Your instructions —
Work through the records that follow and return each line containing the word "Foto".

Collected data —
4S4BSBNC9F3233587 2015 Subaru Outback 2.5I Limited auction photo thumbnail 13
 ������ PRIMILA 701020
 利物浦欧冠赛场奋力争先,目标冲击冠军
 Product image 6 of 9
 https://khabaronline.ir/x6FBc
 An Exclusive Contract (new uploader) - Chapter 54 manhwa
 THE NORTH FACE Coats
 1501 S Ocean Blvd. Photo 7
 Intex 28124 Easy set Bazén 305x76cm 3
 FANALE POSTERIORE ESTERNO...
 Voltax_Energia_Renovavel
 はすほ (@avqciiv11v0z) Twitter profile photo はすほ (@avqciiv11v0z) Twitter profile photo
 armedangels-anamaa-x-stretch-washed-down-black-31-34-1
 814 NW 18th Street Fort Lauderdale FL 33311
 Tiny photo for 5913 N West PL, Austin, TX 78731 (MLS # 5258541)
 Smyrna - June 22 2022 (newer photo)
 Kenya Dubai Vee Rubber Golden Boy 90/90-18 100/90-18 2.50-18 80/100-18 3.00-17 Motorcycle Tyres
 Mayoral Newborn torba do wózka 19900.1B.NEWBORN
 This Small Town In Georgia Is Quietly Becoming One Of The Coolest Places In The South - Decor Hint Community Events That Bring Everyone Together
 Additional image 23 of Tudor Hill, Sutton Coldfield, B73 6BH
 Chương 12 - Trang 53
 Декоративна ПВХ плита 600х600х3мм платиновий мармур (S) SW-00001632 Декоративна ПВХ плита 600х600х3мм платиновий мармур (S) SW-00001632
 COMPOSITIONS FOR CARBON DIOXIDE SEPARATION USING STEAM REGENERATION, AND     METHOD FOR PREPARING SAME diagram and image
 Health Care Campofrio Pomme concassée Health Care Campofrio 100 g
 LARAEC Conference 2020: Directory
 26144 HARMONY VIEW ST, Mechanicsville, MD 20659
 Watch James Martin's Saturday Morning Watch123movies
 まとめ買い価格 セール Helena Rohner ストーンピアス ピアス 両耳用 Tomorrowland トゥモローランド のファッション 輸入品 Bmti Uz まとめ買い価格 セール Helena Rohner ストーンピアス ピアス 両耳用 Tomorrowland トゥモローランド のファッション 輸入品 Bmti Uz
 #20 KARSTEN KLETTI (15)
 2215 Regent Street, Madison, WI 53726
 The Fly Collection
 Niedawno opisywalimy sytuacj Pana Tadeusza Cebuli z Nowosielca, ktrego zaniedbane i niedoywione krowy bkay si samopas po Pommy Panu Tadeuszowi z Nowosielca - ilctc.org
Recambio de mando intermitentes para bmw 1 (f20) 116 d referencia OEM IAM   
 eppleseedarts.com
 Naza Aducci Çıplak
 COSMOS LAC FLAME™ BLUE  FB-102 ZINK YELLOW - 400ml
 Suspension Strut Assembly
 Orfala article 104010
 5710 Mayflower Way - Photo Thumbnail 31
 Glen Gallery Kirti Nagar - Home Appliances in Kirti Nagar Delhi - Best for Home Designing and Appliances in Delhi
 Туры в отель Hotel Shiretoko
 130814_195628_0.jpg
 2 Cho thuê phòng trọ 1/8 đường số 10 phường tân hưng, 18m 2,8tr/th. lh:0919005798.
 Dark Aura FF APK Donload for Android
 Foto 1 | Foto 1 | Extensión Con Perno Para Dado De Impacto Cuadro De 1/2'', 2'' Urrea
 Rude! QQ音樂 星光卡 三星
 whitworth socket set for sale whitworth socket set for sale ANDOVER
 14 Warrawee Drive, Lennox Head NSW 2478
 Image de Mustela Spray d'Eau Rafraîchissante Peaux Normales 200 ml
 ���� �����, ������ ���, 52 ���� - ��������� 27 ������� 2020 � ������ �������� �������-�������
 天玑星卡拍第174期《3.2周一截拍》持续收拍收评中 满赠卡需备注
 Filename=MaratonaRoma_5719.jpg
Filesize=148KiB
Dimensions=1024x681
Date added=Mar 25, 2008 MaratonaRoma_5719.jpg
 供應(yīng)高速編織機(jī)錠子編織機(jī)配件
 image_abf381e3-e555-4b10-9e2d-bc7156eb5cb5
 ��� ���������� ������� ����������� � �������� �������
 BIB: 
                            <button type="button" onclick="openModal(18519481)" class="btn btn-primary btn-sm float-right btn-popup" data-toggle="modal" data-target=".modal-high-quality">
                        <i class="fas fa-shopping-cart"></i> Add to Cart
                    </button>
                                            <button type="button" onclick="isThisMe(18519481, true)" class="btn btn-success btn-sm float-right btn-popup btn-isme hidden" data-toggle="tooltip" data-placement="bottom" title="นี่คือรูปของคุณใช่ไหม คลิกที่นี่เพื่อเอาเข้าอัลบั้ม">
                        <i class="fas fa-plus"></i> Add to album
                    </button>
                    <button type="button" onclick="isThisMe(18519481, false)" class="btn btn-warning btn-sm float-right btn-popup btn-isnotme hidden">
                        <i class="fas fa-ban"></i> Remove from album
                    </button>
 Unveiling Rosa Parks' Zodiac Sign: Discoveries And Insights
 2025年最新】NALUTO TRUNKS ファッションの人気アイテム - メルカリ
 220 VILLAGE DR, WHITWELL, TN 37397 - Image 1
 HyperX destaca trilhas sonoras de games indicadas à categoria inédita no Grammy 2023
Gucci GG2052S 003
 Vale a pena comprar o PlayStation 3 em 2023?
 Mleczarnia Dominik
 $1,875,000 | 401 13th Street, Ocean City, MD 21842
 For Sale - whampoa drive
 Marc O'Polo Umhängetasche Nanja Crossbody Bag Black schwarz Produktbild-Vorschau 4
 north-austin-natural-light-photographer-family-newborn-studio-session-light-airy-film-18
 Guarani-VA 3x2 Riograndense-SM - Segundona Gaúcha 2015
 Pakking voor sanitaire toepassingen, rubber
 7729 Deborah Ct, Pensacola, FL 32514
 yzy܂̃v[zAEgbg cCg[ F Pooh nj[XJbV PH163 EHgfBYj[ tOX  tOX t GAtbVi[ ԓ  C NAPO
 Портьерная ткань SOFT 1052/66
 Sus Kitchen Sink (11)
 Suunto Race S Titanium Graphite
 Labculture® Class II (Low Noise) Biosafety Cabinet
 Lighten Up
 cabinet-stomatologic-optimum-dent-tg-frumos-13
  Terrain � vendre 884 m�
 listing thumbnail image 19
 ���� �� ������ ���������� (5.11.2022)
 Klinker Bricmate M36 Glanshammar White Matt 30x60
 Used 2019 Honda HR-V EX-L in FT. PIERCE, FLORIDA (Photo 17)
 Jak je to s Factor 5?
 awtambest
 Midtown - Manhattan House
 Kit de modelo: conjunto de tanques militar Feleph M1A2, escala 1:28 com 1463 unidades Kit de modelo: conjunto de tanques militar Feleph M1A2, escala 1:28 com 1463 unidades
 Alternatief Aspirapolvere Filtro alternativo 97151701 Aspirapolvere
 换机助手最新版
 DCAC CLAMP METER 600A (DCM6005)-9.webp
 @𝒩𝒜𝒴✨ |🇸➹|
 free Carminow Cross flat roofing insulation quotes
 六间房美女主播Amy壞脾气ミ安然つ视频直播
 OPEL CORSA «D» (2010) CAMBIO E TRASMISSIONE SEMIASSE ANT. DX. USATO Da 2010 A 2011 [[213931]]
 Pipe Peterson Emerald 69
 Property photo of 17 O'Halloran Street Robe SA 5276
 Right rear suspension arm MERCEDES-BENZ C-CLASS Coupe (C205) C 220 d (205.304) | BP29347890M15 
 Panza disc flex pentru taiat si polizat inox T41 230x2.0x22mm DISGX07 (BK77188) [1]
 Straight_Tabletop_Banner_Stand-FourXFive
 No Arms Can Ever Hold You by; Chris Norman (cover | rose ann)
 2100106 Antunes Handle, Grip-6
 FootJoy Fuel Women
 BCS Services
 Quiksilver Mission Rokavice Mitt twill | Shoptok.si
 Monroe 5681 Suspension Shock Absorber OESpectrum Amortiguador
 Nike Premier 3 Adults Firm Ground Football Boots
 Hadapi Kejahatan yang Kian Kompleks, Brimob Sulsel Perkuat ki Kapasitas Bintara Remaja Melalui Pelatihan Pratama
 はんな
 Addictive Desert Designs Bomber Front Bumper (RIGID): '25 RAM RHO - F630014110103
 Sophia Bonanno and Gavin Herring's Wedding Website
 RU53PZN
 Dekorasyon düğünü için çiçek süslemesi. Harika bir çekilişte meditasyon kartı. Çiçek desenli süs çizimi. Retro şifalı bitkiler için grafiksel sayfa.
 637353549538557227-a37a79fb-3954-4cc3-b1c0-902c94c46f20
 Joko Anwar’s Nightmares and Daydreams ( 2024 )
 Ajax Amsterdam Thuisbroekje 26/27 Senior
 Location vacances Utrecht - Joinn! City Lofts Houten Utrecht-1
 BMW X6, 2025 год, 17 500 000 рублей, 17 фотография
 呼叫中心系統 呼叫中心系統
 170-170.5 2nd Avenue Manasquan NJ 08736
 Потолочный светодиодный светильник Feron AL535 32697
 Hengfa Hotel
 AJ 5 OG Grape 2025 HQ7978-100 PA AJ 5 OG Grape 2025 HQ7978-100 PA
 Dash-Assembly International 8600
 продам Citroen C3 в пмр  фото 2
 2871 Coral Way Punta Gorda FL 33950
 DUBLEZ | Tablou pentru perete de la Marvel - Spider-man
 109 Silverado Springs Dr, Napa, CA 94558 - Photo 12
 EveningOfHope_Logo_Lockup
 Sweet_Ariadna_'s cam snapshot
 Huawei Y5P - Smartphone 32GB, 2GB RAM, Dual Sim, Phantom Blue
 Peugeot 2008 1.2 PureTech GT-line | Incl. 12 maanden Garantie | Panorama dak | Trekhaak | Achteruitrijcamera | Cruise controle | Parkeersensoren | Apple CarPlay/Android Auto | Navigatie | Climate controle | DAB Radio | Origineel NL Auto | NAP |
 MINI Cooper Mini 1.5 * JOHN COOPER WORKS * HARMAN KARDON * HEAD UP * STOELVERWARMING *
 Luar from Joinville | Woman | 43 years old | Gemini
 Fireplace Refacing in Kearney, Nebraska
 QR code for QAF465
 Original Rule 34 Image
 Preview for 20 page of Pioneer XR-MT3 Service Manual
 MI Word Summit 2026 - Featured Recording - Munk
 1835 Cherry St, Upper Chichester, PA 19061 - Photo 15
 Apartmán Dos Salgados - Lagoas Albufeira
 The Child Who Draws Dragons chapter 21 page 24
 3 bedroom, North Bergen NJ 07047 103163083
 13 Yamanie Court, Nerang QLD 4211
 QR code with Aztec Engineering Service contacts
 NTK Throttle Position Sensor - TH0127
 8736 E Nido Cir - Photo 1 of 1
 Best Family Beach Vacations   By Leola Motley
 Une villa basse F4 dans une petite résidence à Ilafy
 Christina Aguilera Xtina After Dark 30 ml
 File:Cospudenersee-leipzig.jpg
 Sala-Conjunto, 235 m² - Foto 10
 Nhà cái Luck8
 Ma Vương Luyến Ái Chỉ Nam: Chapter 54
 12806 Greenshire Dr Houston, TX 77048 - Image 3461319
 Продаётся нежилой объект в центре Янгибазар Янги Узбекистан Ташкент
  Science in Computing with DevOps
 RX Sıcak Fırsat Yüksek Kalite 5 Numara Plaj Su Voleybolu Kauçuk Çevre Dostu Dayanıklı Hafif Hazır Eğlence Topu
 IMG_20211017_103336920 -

Answer to this task —
 Foto 1 | Foto 1 | Extensión Con Perno Para Dado De Impacto Cuadro De 1/2'', 2'' Urrea
 Sala-Conjunto, 235 m² - Foto 10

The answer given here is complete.